Strade invase da folle di persone, auto in fiamme, cariche della polizia: Barcellona negli ultimi giorni sembra rivivere gli echi di quelle manifestazioni aggressive che tempo fa inneggiavano alla separazione della Catalogna. Ma questa volta l’obiettivo è diverso. Da oltre una settimana ormai la Spagna è sottosopra, dopo l’arresto di Pablo Hasél, un rapper condannato a 9 mesi di carcere per vilipendio della Corona e incitamento al terrorismo tramite i suoi testi. Il suo arresto si era concluso dopo ore di assedio all’edificio dell’Università di lleida, in Catalogna, dove si era rinchiuso. Dall’indomani già in molte città spagnole – Barcellona, ma anche Madrid, Girona, Terragona e Lleida, sono scesi in strada per chiedere la liberazione del cantante: ci sono stati arresti e scontri con la polizia, che ha usato gas lacrimogeni e proiettili di gomma: uno di questi ha fatto perdere un occhio a una manifestante, il che ha acceso ulteriori proteste sulle violenze perpetuate dalla polizia.

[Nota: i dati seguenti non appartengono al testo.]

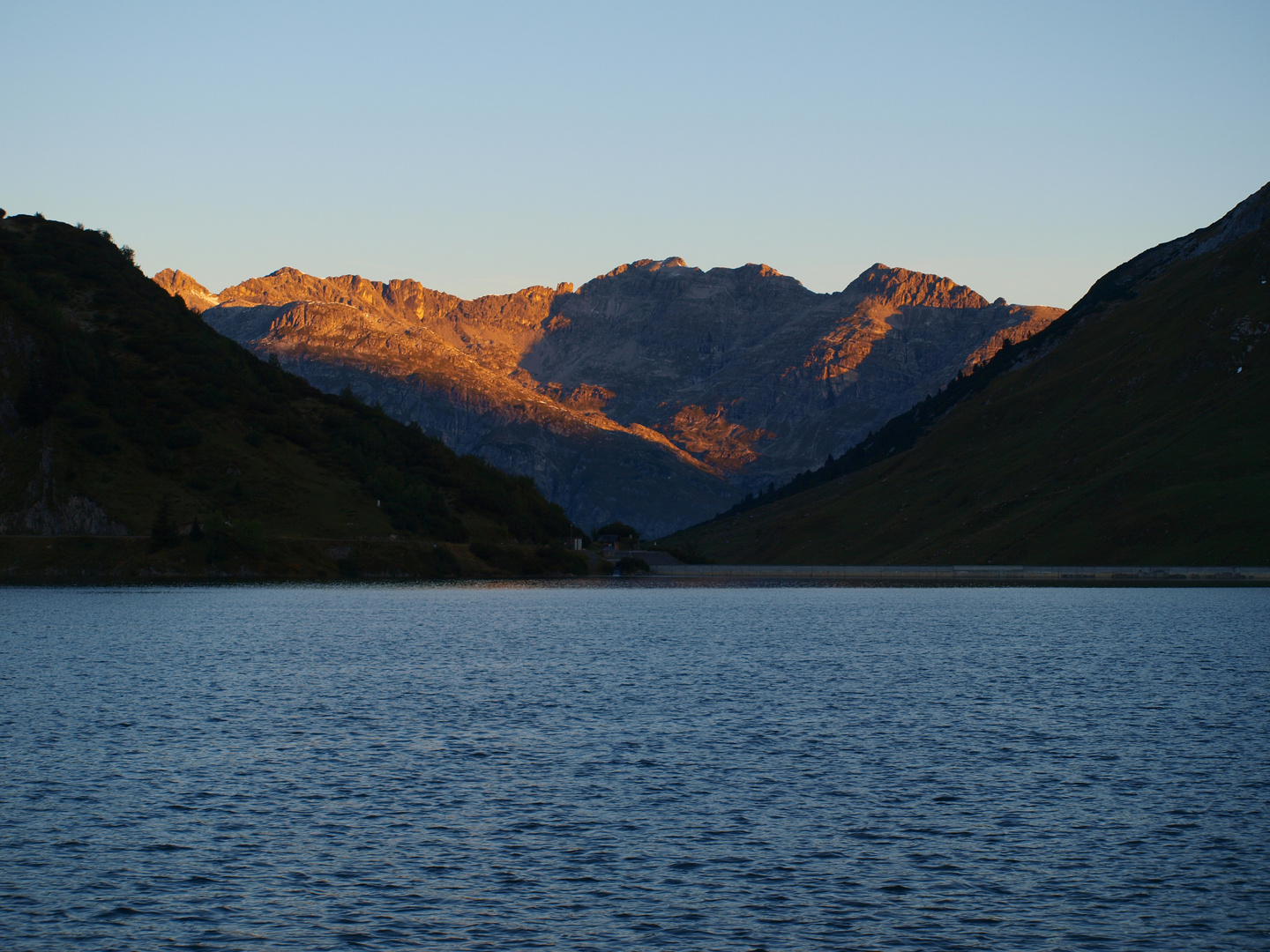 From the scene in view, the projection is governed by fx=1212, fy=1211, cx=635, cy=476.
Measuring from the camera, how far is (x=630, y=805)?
156 ft

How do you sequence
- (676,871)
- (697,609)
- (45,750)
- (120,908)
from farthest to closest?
(697,609) → (45,750) → (676,871) → (120,908)

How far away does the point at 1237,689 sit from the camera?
84.6 m

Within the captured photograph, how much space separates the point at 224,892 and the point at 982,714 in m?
50.7

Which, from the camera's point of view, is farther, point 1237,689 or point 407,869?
point 1237,689

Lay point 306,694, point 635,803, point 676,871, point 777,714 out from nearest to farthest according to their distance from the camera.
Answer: point 676,871, point 635,803, point 777,714, point 306,694

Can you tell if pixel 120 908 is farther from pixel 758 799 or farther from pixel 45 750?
pixel 45 750

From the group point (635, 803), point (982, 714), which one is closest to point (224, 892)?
point (635, 803)

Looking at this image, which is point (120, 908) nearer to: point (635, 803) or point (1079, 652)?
point (635, 803)

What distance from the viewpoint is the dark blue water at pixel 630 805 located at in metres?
33.5

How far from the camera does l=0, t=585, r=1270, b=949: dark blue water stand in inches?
1320

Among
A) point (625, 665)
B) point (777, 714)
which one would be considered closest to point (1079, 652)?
point (625, 665)

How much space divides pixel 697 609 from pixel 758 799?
496 feet

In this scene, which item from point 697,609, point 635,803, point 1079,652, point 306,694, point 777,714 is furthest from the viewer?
point 697,609

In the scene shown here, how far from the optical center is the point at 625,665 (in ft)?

Pablo Hasél – pseudonimo per Pablo Rivadulla Duró, è noto per essere un forte sostenitore dell’indipendenza catalana, oltre che per alcuni tweet offensivi nei confronti della polizia e della monarchia.
in passato ha apertamente appoggiato l’ETA, gruppo terrorista separatista dei Paesi Baschi, e il gruppo terroristico marxista GRAPO, in particolare Victoria Gomez, una dei suoi membri responsabile di più di 80 omicidi. L’Audencia Nacional, l’alto tribunale spagnolo, l’ha condannato a nove mesi di carcere, più sei anni di “inabilitazione” – una sospensione di alcuni diritti – e una multa di 30 mila euro.
La sua condanna e poi l’arresto hanno aperto una grande discussione, ma sono state soprattutto le violente manifestazioni a ridar voce al dibattito sulla libertà di espressione in Spagna. Il governo nel 2018 aveva promesso di ridurre le pene per i reati d’opinione, cosa fino ad ora non rispettata; in seguito alla lettera aperta firmata a inizio febbraio da più di duecento artisti in favore di comportamenti meno liberticidi, il governo aveva risposta annunciando un’imminente revisione dei casi da condannare, in modo da portare effettivamente in carcere solo quelli ritenuti un rischio per l’ordine pubblico.
La Spagna, secondo un report di Freemuse, sarebbe prima nella lista dei Paesi che hanno incarcerato più artisti nel 2019: insieme a Turchia, Myanmar e Iran. La questione è delicata perché è sottile la linea tra terrorismo e libertà di parola, soprattutto quando la parola espressa è un oltraggio alle istituzioni o un’istigazione alla violenza.
Le proteste hanno causato una spaccatura d’opinione nella coalizione di governo guidata dal socialista Pedro Sanchez: Podemos si è schierato a favore dei manifestanti, mentre il Partito socialista ha ribadito che tutti i diritti devono avere dei limiti per essere praticabili, e ha escluso una qualsiasi connessione tra i fatti accaduti e una minaccia alla libertà d’espressione. La vicenda ha anche modificato la trattativa in corso per la formazione di un nuovo governo in Catalogna: l’accordo tra Esquerra Repubblicana, Junts x Cat e Candidatura d’Unitat Popular (Cup) dipende da una riforma dei Mossos d’Esquadra, il corpo di polizia regionale della Catalogna. Tra gli elementi centrali nella trattativa, la proibizione dell’uso di proiettili in gomma e la sospensione dell’agente responsabile del ferimento della manifestante.